TASK INPUT START
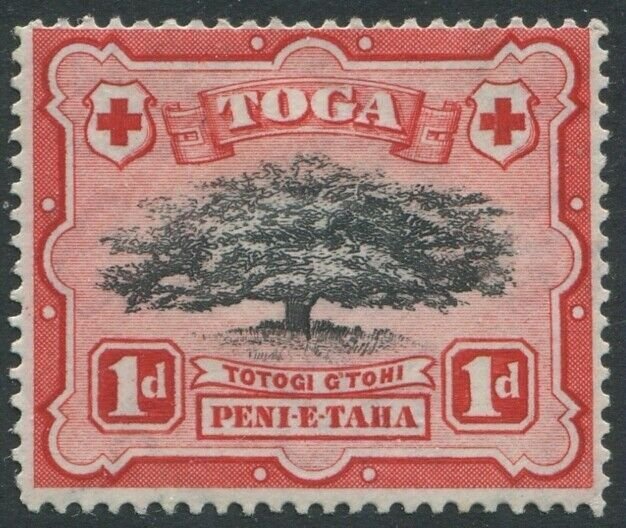Tonga 1942 SG75a 1d Ovava Tree wmk mult script CA LOPPED BRANCH #1 MLH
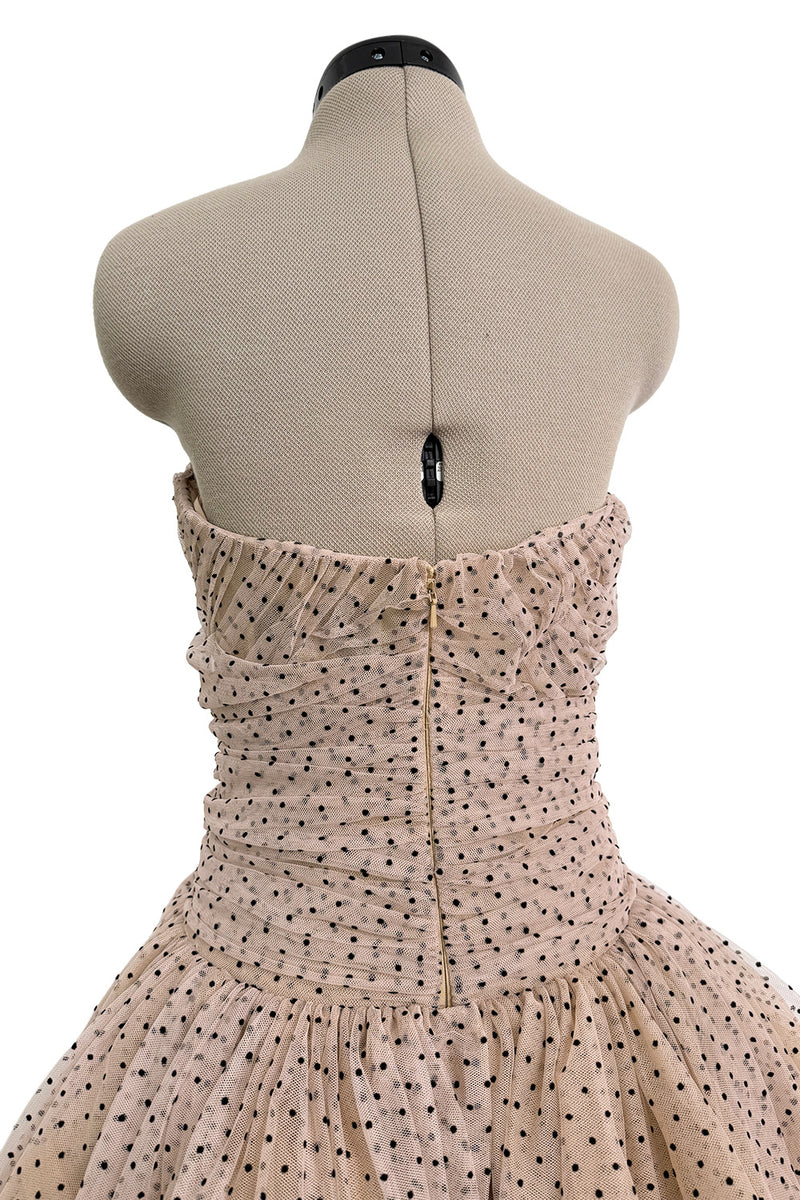 Prettiest Fall 2024 Atelier Prabal Gurung Look 7 Black Dotted Pale Nude Pinkish Net Strapless Dress w Full Skirts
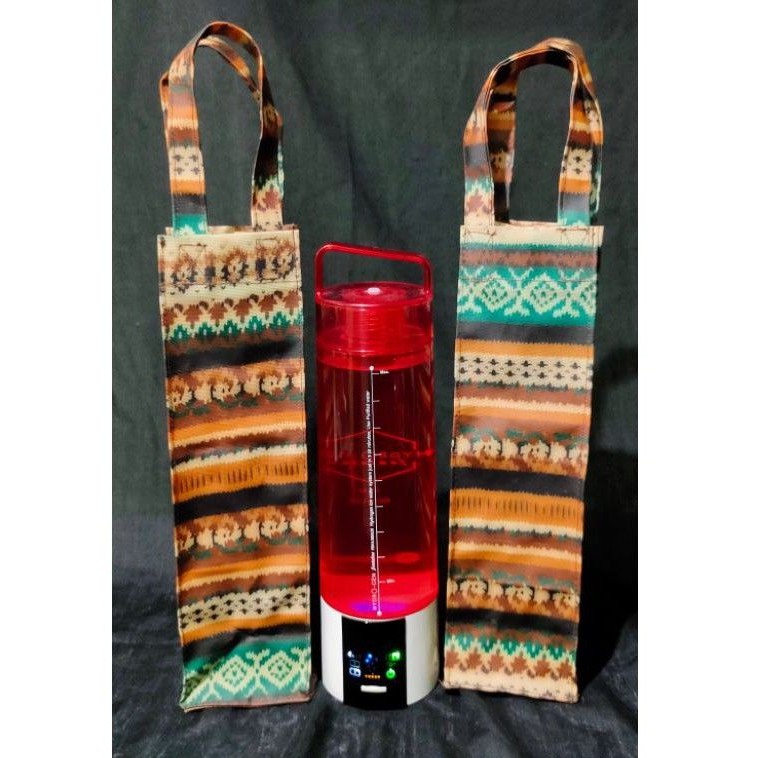 Tas botol Hydrogen Fontaine Kanvas waterproof motif Tribal sarung botol Tas Tumbler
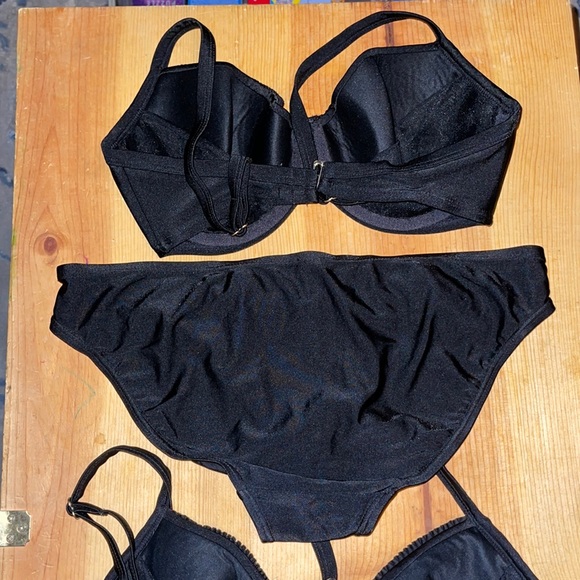 Black 4 piece swim bundle matching size 8 Medium Tankini, coverup and bikini top - Picture 8 of 10
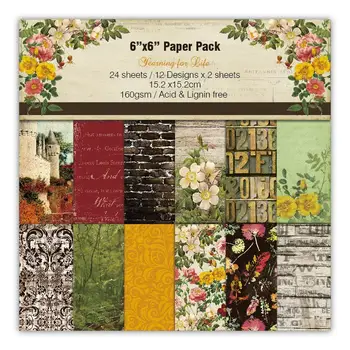

24 sheet 6"X6" Autumn flower patterned paper Scrapbooking paper pack handmade craft paper craft Background pad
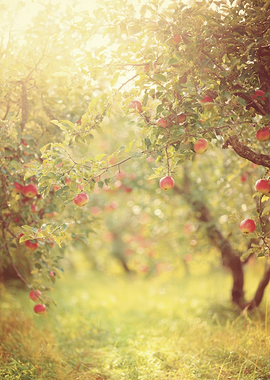 Apple Orchard in Golden Sunlight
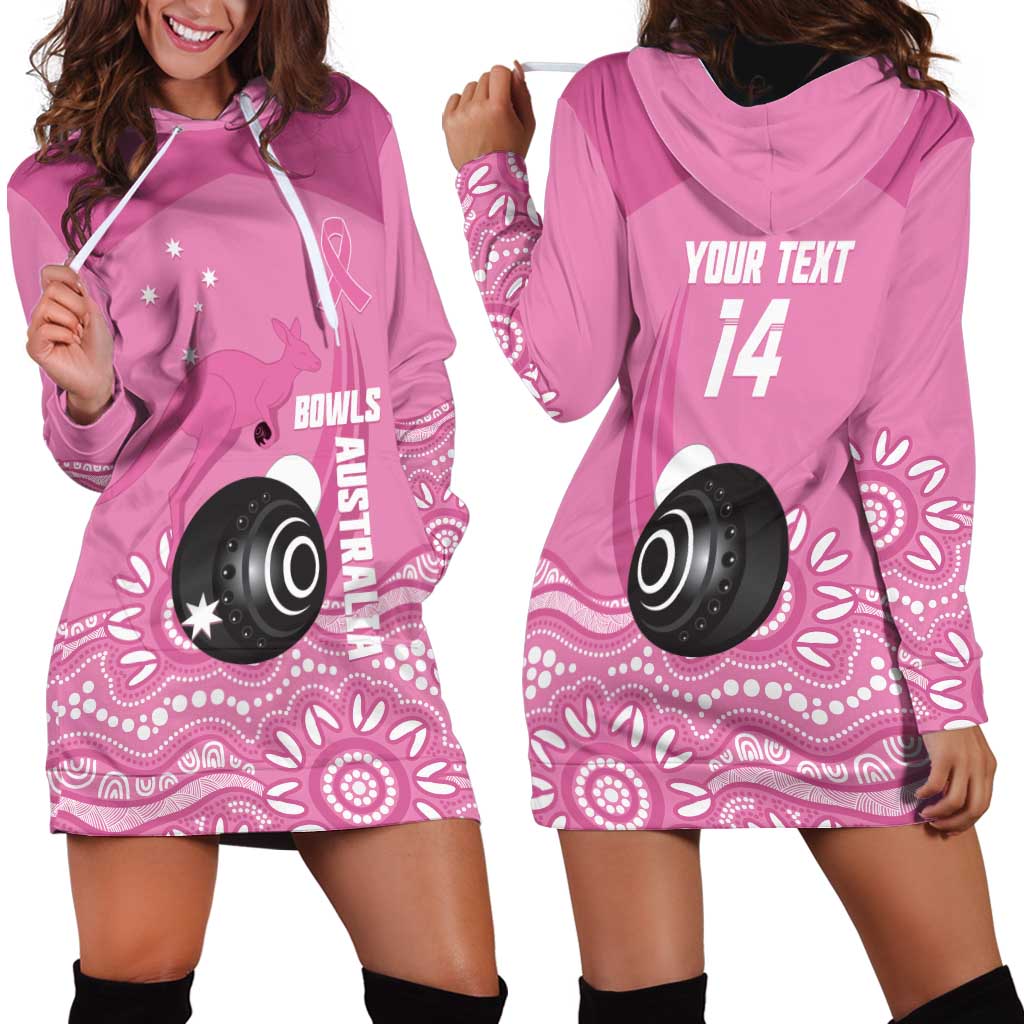 Custom Bowls Australia Breast Cancer Hoodie Dress Pink Ribbon Kangaroo Aboriginal Art - Aussie Hoodie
TASK INPUT END
Would you please write out the entries in full, exactly as they read, but without pictures?

Tonga 1942 SG75a 1d Ovava Tree wmk mult script CA LOPPED BRANCH #1 MLH
 Prettiest Fall 2024 Atelier Prabal Gurung Look 7 Black Dotted Pale Nude Pinkish Net Strapless Dress w Full Skirts
 Tas botol Hydrogen Fontaine Kanvas waterproof motif Tribal sarung botol Tas Tumbler
 Black 4 piece swim bundle matching size 8 Medium Tankini, coverup and bikini top - Picture 8 of 10

24 sheet 6"X6" Autumn flower patterned paper Scrapbooking paper pack handmade craft paper craft Background pad
 Apple Orchard in Golden Sunlight
 Custom Bowls Australia Breast Cancer Hoodie Dress Pink Ribbon Kangaroo Aboriginal Art - Aussie Hoodie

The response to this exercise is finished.